REQUIRED WORK:
Please reproduce all the data exactly as written and omit the pictures.

☆ ☆ ☆ ☆

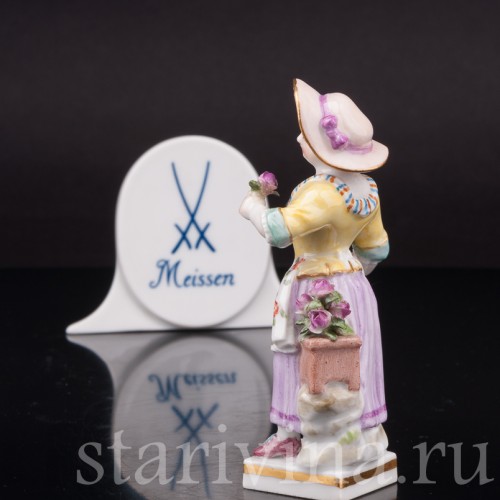 Фигурка из фарфора Девочка с гнездом и цветком, Meissen, Германия, 1952 г.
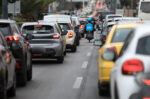 Καραμπόλα στην Αλίμου-Κατεχάκη: Συγκρούστηκαν τέσσερα Ι.Χ.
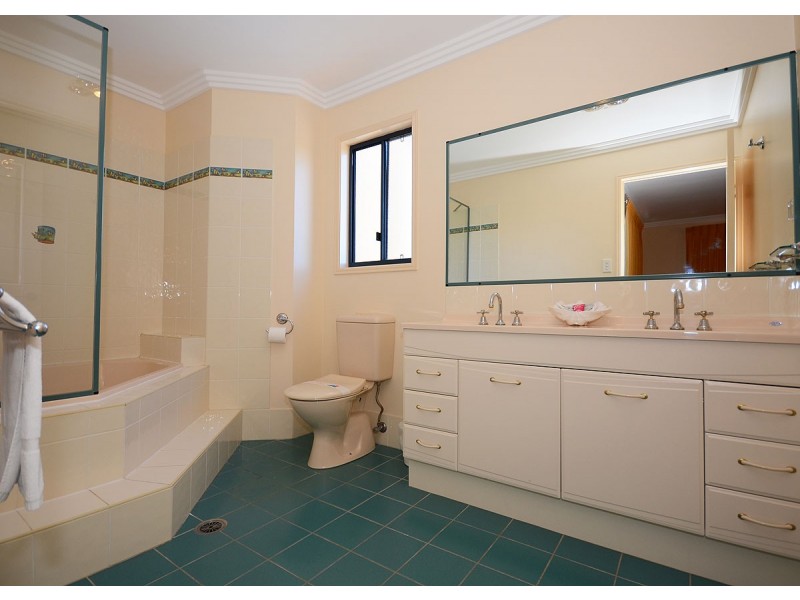 8/33 Elizabeth Street, Urangan QLD 4655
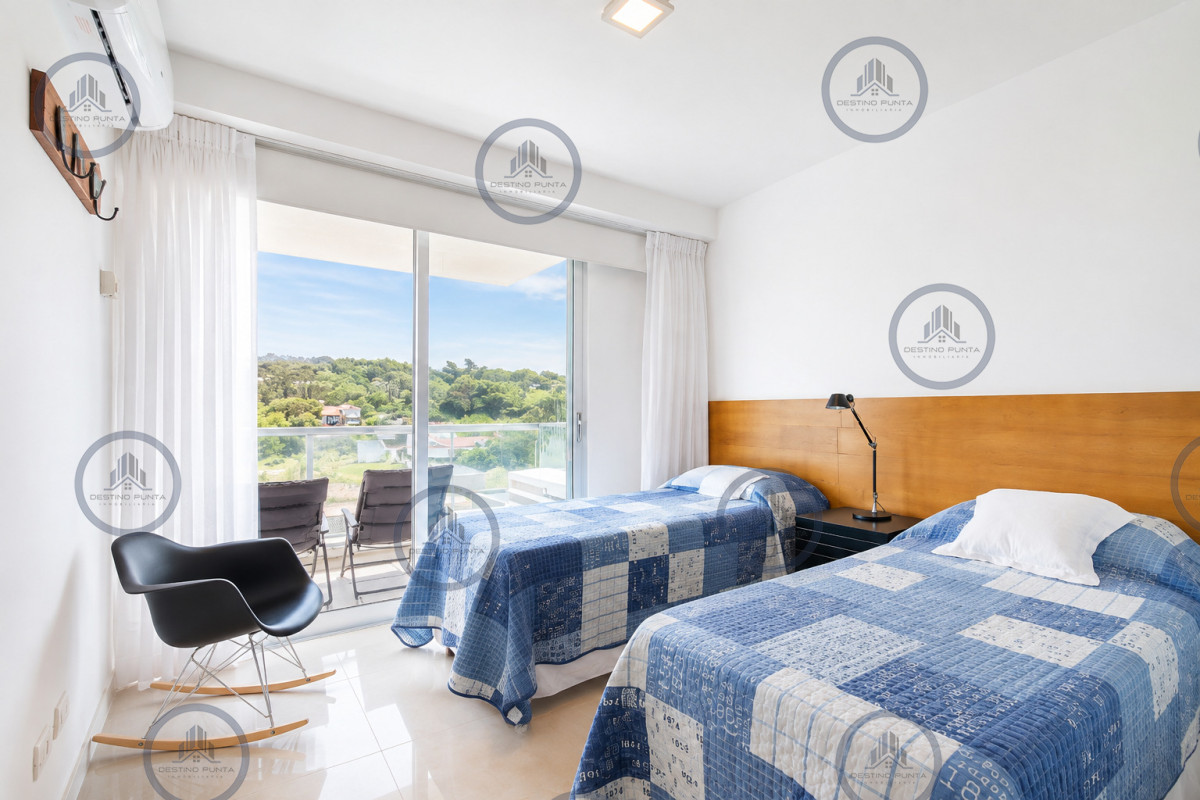 Apartamento ID.1108 - Apartamento Frente al Mar de 3 Dormitorios, Playa Brava Punta del Este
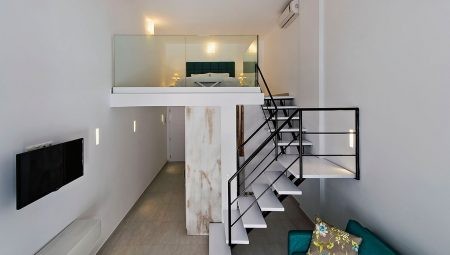 SENIOR SUITE WITH OUTDOOR JACUZZI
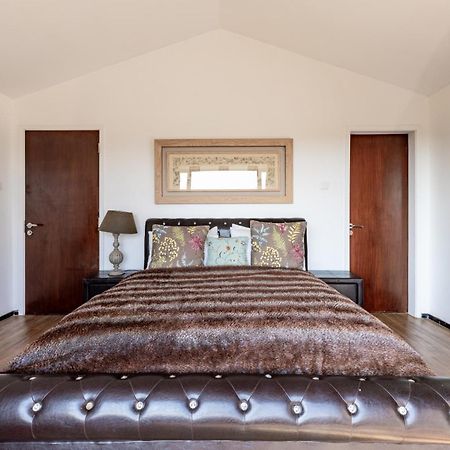 Ol Pejeta Mansion Villa แนนยูกี ภายนอก รูปภาพ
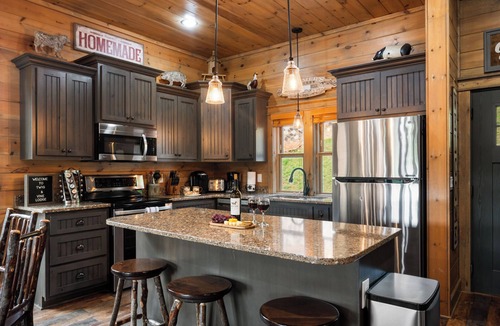 Gatlinburg Cabin | 1.5 MI To Downtown! Luxury Lodge Spectacular Views From 3 Huge Covered Decks!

☆ ☆ ☆ ☆

SOLUTION TO THIS PROBLEM:
 Фигурка из фарфора Девочка с гнездом и цветком, Meissen, Германия, 1952 г.
 Καραμπόλα στην Αλίμου-Κατεχάκη: Συγκρούστηκαν τέσσερα Ι.Χ.
 8/33 Elizabeth Street, Urangan QLD 4655
 Apartamento ID.1108 - Apartamento Frente al Mar de 3 Dormitorios, Playa Brava Punta del Este
 SENIOR SUITE WITH OUTDOOR JACUZZI
 Ol Pejeta Mansion Villa แนนยูกี ภายนอก รูปภาพ
 Gatlinburg Cabin | 1.5 MI To Downtown! Luxury Lodge Spectacular Views From 3 Huge Covered Decks!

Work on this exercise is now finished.